The Undue Influence of Surveillance Technology Companies on Policing

September 12, 2017 7:00 pm

On Tuesday, September 12, the Tech/Law Colloquium welcomes Elizabeth Joh, a professor of law at the University of California-Davis. Professor Joh has written widely about policing, technology, and surveillance. Her scholarship has appeared in the Stanford Law Review, the California Law Review, the Northwestern University Law Review, the Harvard Law Review Forum, and the University of Pennsylvania Law Review Online. She has also provided commentary for the Los Angeles Times, Slate, and the New York Times.

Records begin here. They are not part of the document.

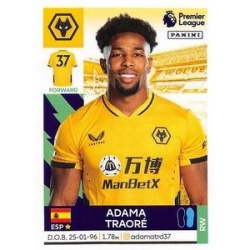 Adama Traoré Wolverhampton Wanderers 631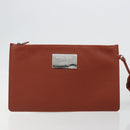 BOTTEGA VENETA INTRECCIATO Cabas MM Tote Bag Leather Brown 115664 Auth am11943SM-20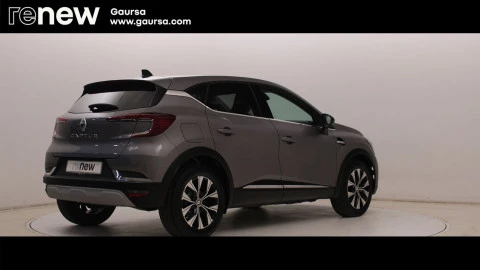 Renault Captur techno TCe 67kW (90CV)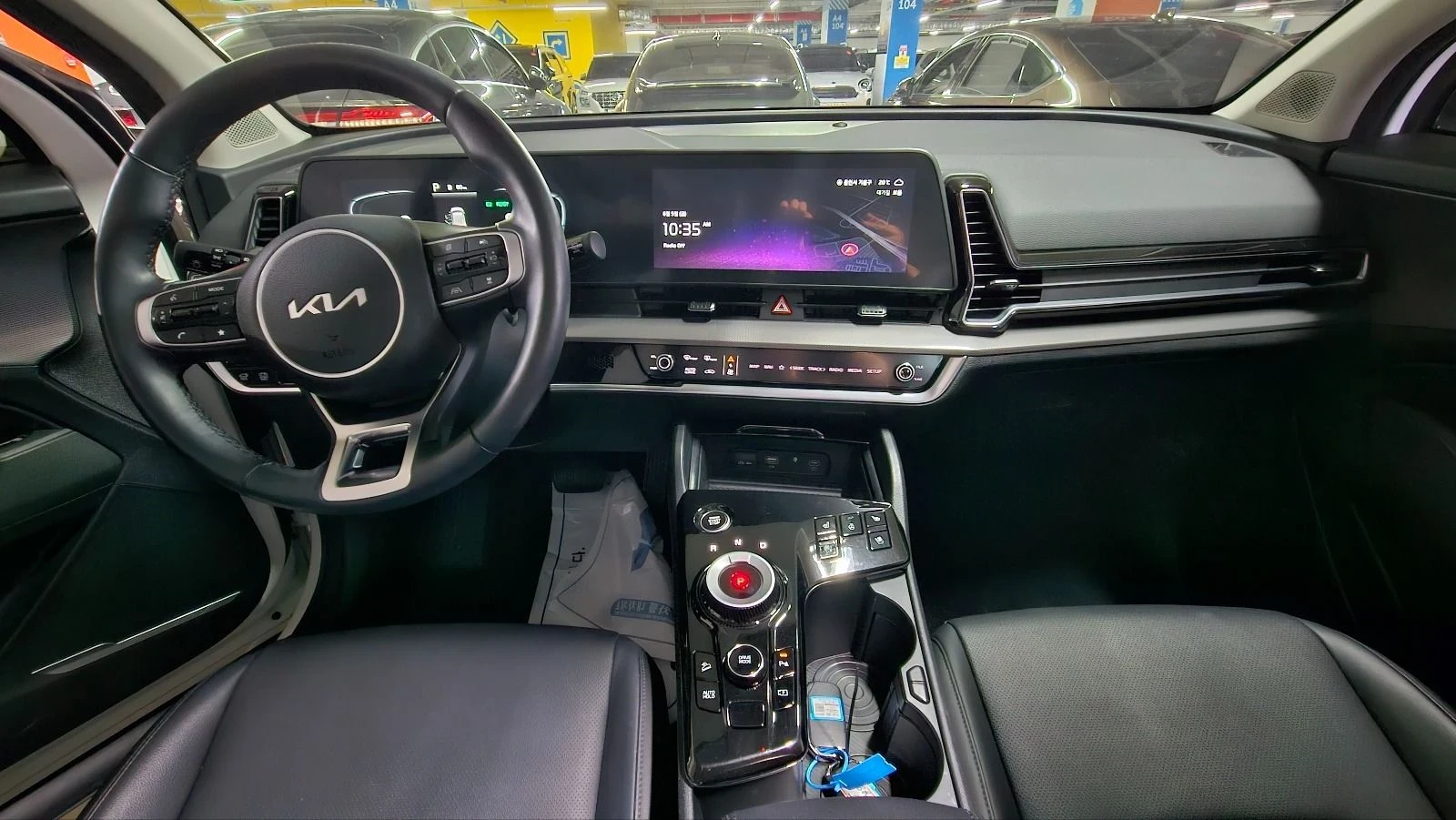 Kia Sportage, снимка 4 - Автомобили и джипове - 56685203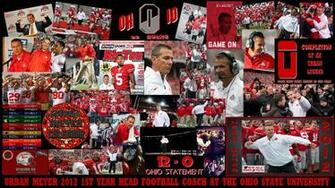 Ohio State Buckeyes College Football Wallpaper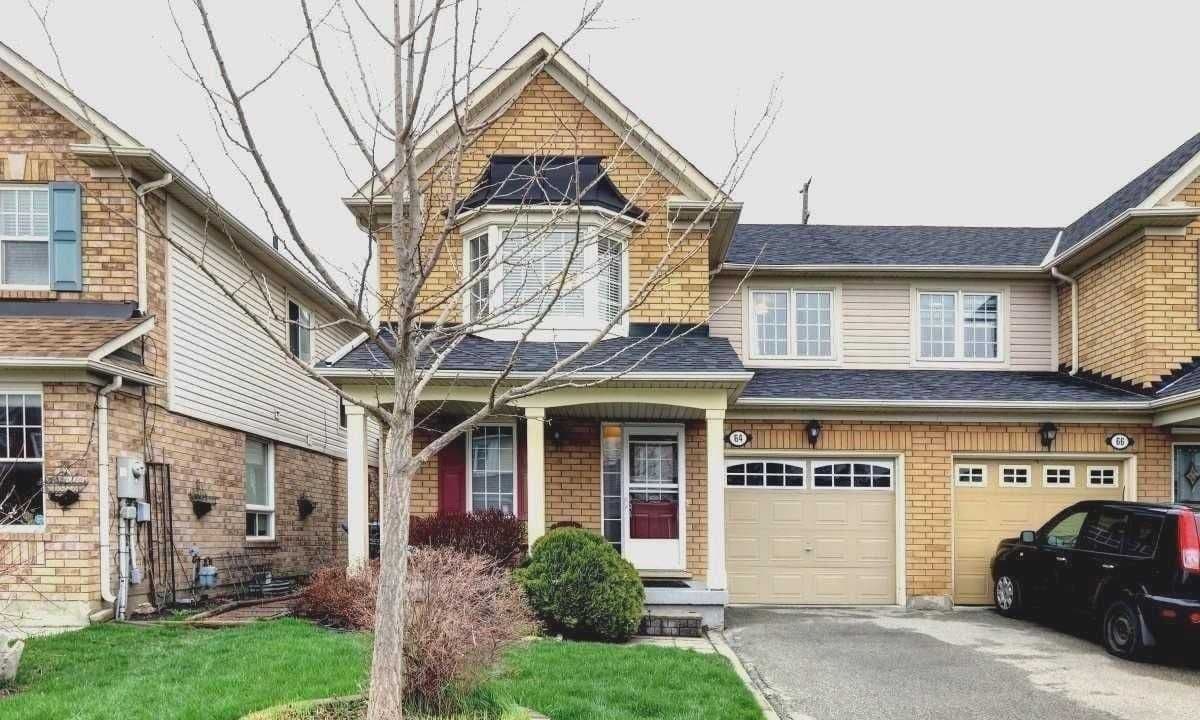 64 Sweetwood Circle W, Brampton, ON L7A 2X7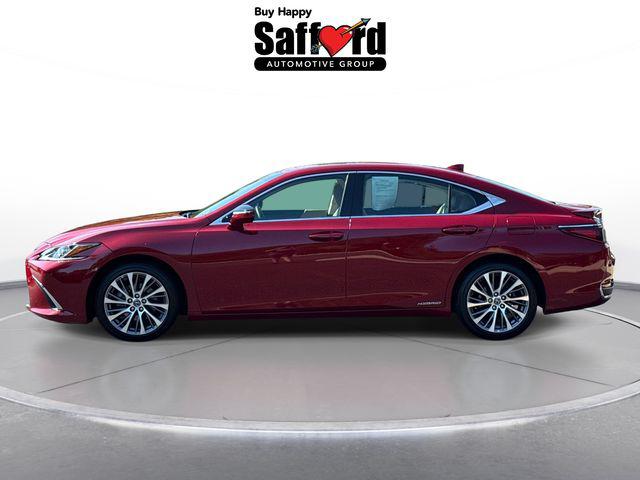 2021 Lexus ES 300h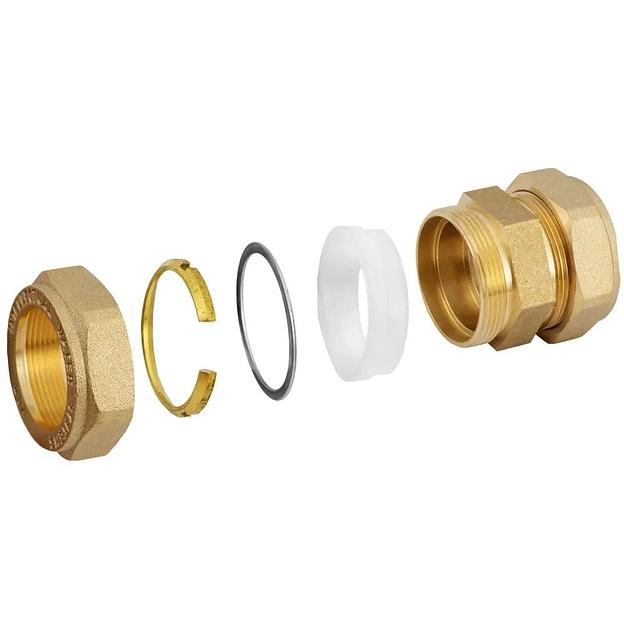 Муфта 20х20 EF фото 3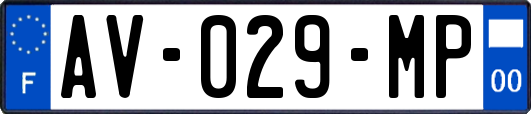 AV-029-MP
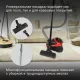 Пылесос HYUNDAI HYV-B1570 красный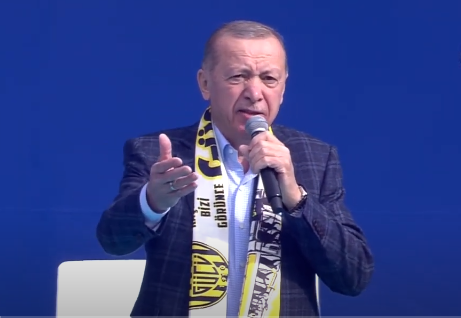 Ərdoğan Kılıçdaroğlunun “Azərbaycanı kənarda tutan layihəsi”ndən danışdı: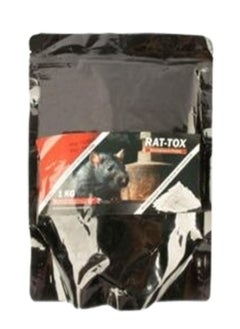 Rat Tox Rodent Dusting Powder is an effective product specially designed to get rid of rodents efficiently, as it comes in the form of a dusting powder.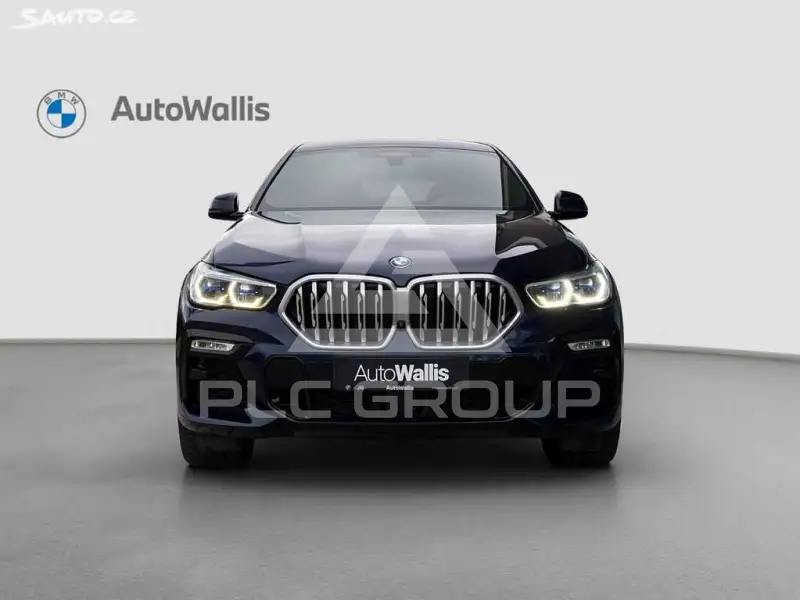 2021 BMW X6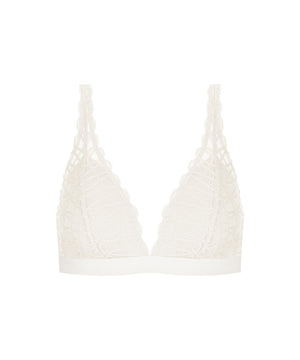 Poetry - Triangle Bra - 5 CHAMPAGNER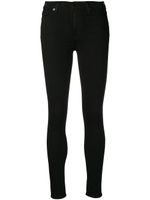 7 For All Mankind skinny jeans - Noir - thumbnail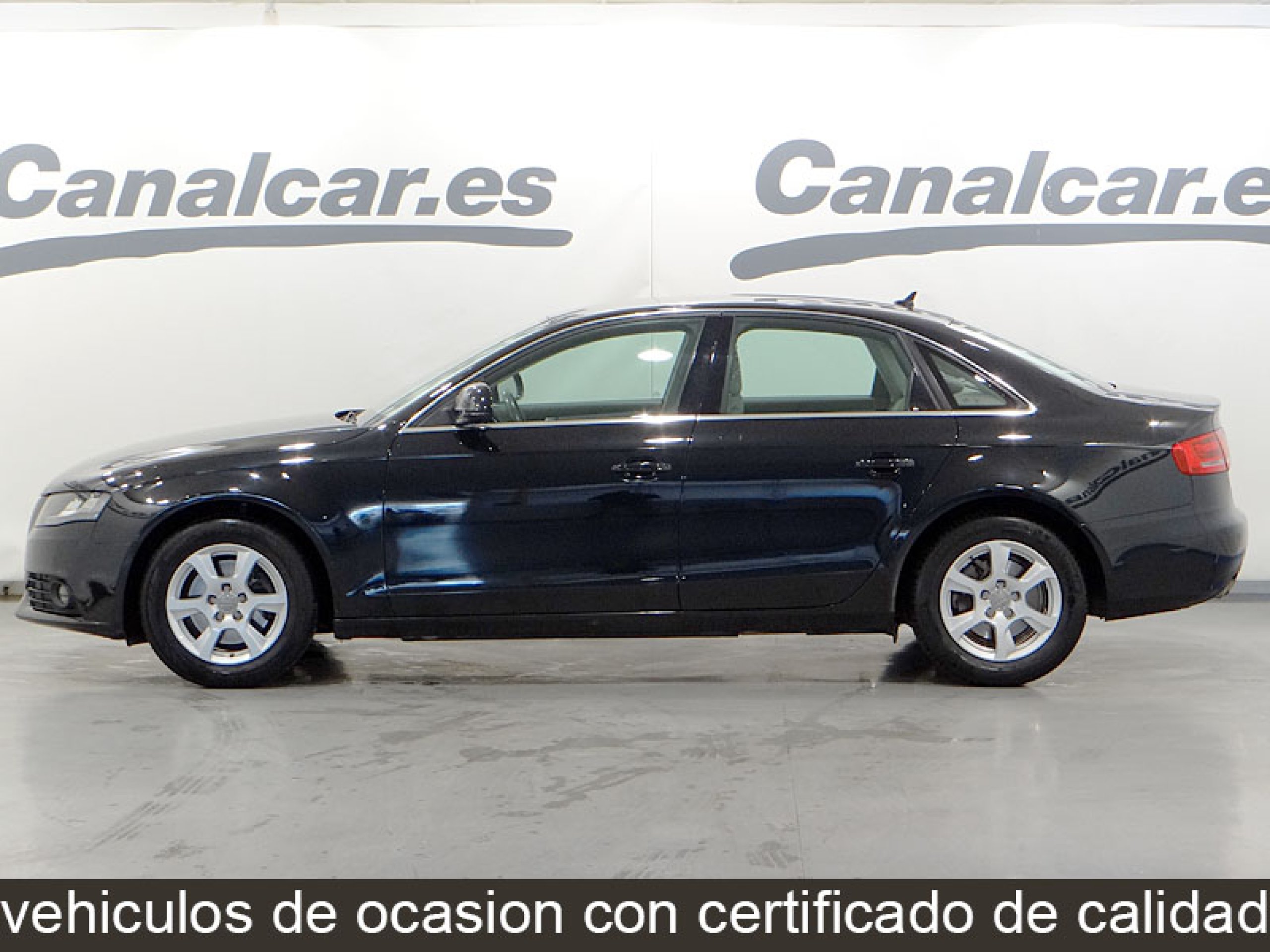 Foto Audi A4 10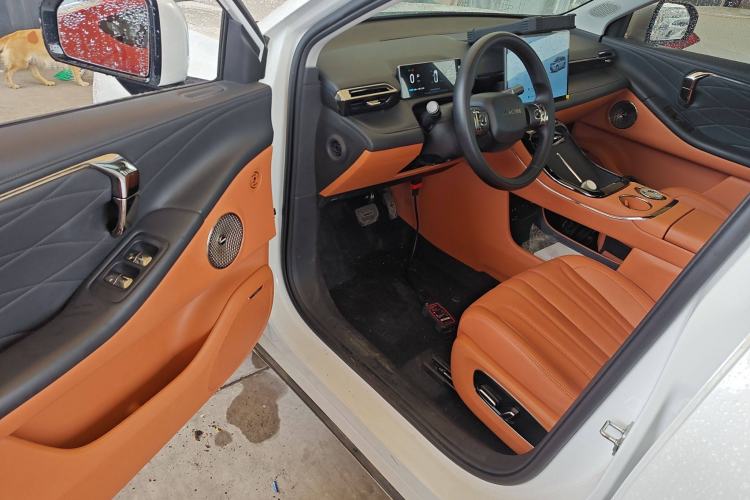 Used AION V 2024 Aion Tyrannosaurus 650 LiDAR Edition
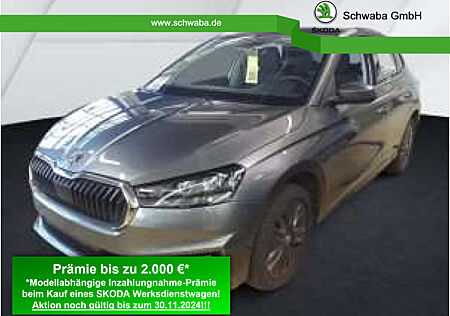 Skoda Fabia Style 1.0 TSI *LED*NAV*GRA*LANE*R-KAM*16"*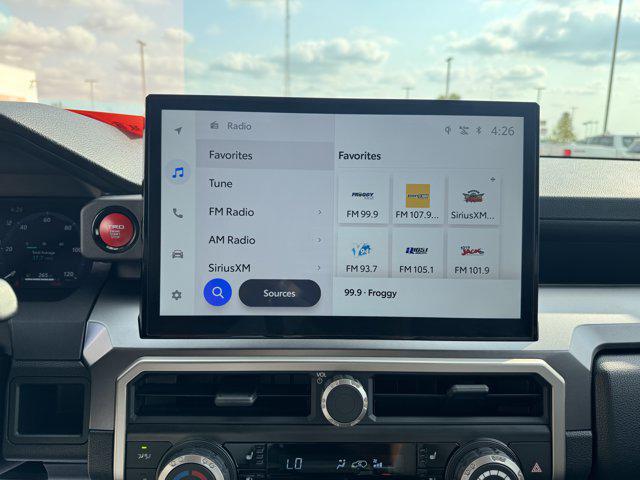 2025 Toyota 4Runner TRD Sport Premium
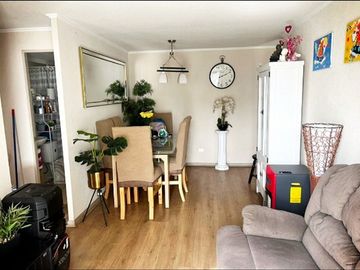 Departamento en Venta en Avda Parque del Este/ Diego Portales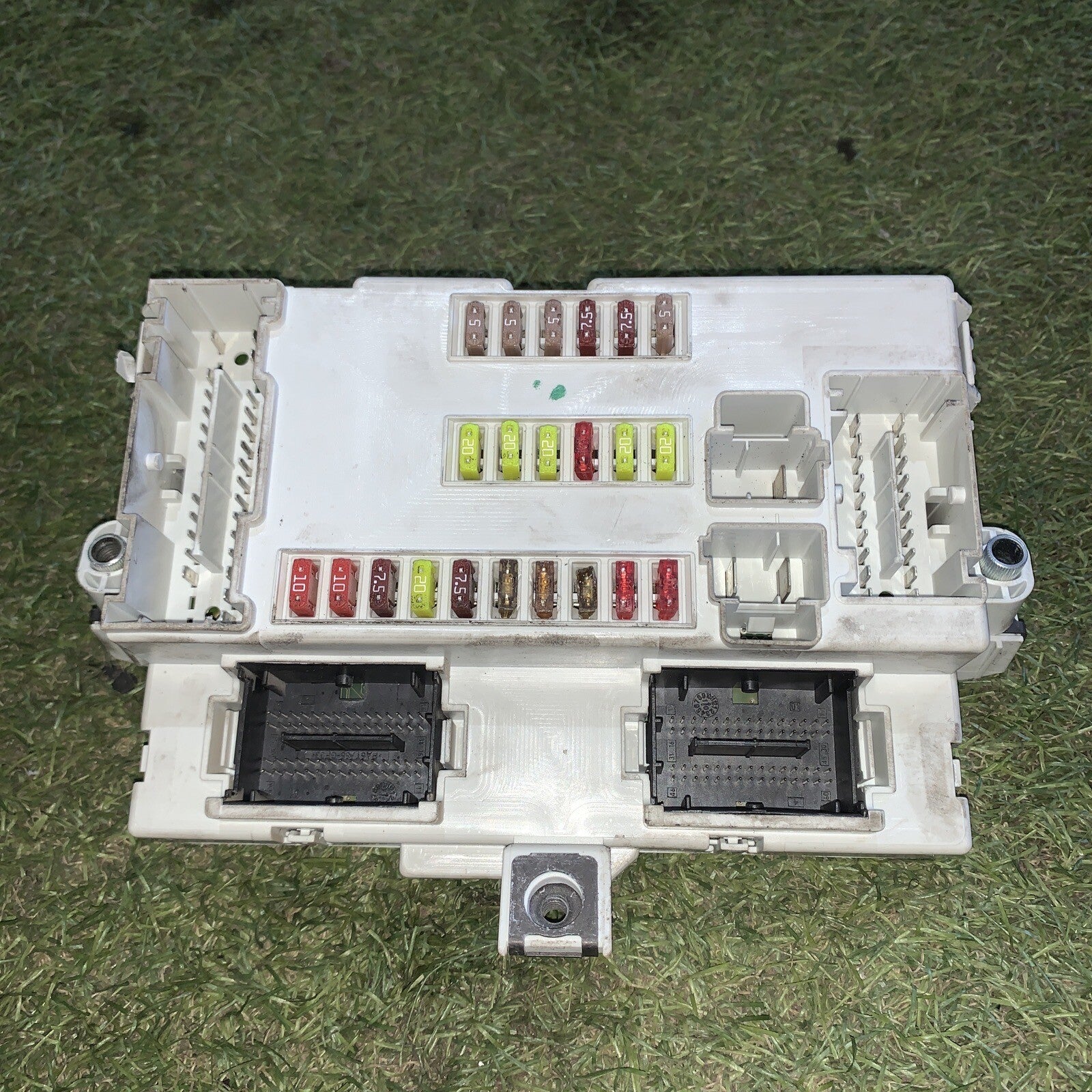 Body Computer Alfa Giulietta 2.0 Jtd 50521889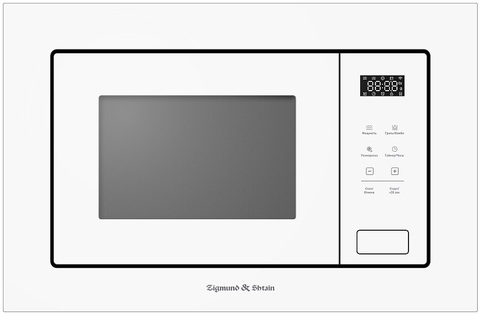 Микроволновая печь Zigmund & Shtain BMO 26 W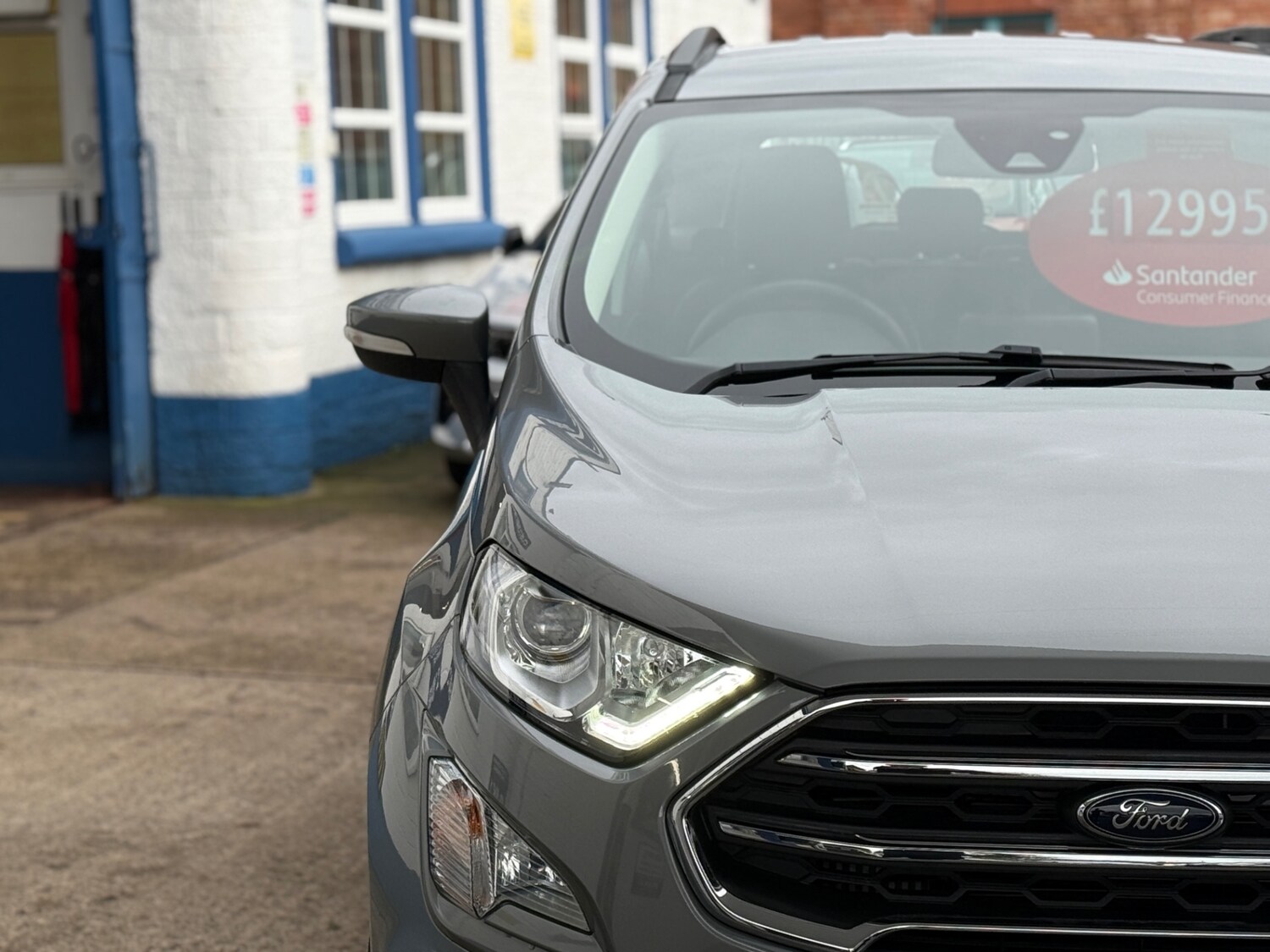 Used Ford Ecosport 2022 for sale - 75945478: Photo 16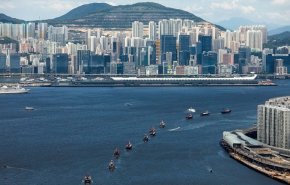 الصين ترفض السماح لسفينتين أمريكيتين بدخول ميناء هونغ كونغ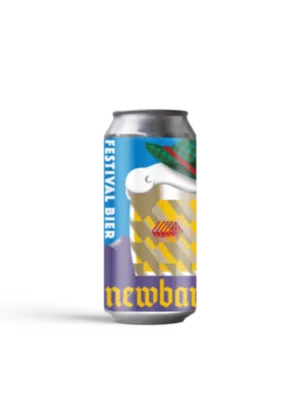 Newbarns Festival Bier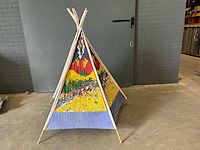 Wigwam (kinderwigwam) - afbeelding 2 van  3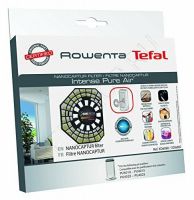 Фильтр NanoCaptur для очистителя воздуха TEFAL PU4015, PU4025 и др. Артикул XD6080F0 (XD6082F0).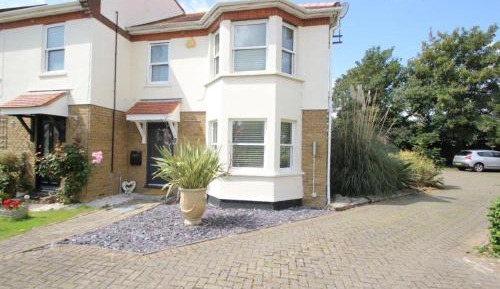 Two-Bedroom House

Talk: The Undue Influence of Surveillance Technology Companies on Policing

Abstract: Conventional wisdom assumes that the police are in control of their investigative tools. But with surveillance technologies, this is not always the case. Increasingly, police departments are consumers of surveillance technologies that are created, sold, and controlled by private companies. These surveillance technology companies exercise an undue influence over the police today in ways that aren’t widely acknowledged, but that have enormous consequences for civil liberties and police oversight. Three seemingly unrelated examples -- stingray cellphone surveillance, body cameras, and big data software -- demonstrate varieties of this undue influence. These companies act out of private self-interest, but their decisions have considerable public impact. The harms of this private influence include the distortion of Fourth Amendment law, the undermining of accountability by design, and the erosion of transparency norms. This Essay demonstrates the increasing degree to which surveillance technology vendors can guide, shape, and limit policing in ways that are not widely recognized. Any vision of increased police accountability today cannot be complete without consideration of the role surveillance technology companies play.